Мне приходится ее разубеждать.
В это время раздается зычный голос:
— Я вынужден прервать ваш спор, мои дорогие друзья. Прошу прощения, но я отважусь сказать по-солдат-ски — какой к чертям двойник!
В дверях появился барон.
— Какая чепуха! Я служил с молодым Бонапартом в Валансе и был его адъютантом во время Итальянской кампании. Я был с ним на Аркольском мосту и схлопотал там две пули. А он, находившийся в самой гуще боя, единственный не имел даже царапины. Он был заговоренный, клянусь!.. И я сразу узнал его в рукописи. Здесь полно его словечек. И здесь его главная черта: никогда и никакого раскаяния! Никаких угрызений совести! Он радостно и точно указывает количество убитых, причем с сознанием исполненного долга. А погибли миллионы, доживают искалеченными — сотни тысяч! Я не забуду несчастного графа Моранди, у которого убили трех сыновей. Он сошел с ума и выкрикивал одну фразу: «Должен ли Господь просить у меня прощения?»

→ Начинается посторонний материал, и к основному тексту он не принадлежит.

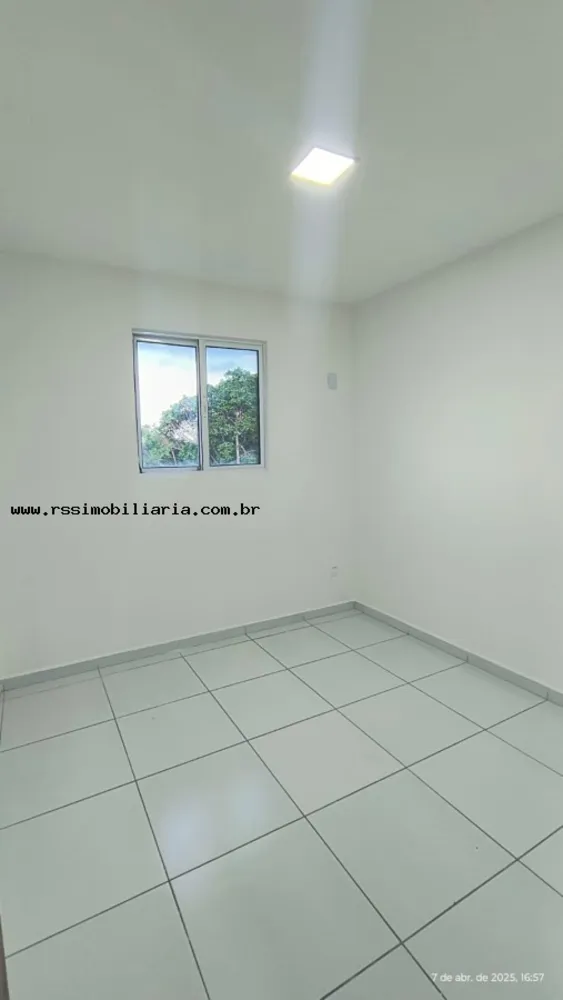 Apartamento, 2 quartos, 50 m² - Foto 9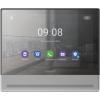  - Commax CDV-1004QT (серебро)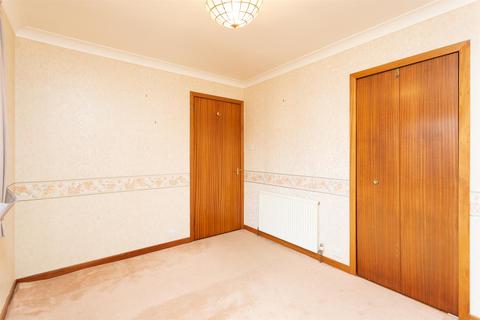 54 Hatton Road, Luncarty, Perth, PH1 3UZ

Мы вышли в парк. Я гляжу на вершину Монблана и горящее в закате Женевское озеро. Золотистые облака затянули горизонт. Но нет на свете нашей подруги, которая насладилась бы этим зрелищем, как нет и Бонапарта… который, впрочем, не заметил бы его…
Да, никого уже нет… никого из тех могущественных владык Европы, с которыми довелось беседовать ему и мне. Умер русский царь, умер «дедушка Франц», умер английский король, умер Людовик Восемнадцатый, умер папа Пий Седьмой… Осталась только эта таинственная стопка бумаги, исписанной торопливым почерком.
Жюльетта шепчет:
— Но зачем-то Господь его к нам послал?
— Или дьявол, — говорит барон.
Ветер затих, и в тишине — только говор ручья, вращающего жернова мельницы.
Я молчу. Вспоминаю слова, которые писал о нем тот единственный немец, который его не предал.
Гёте написал мне из Бадена: «Каждый чувствует, что за его историей скрывается нечто. Только никто не знает — что…»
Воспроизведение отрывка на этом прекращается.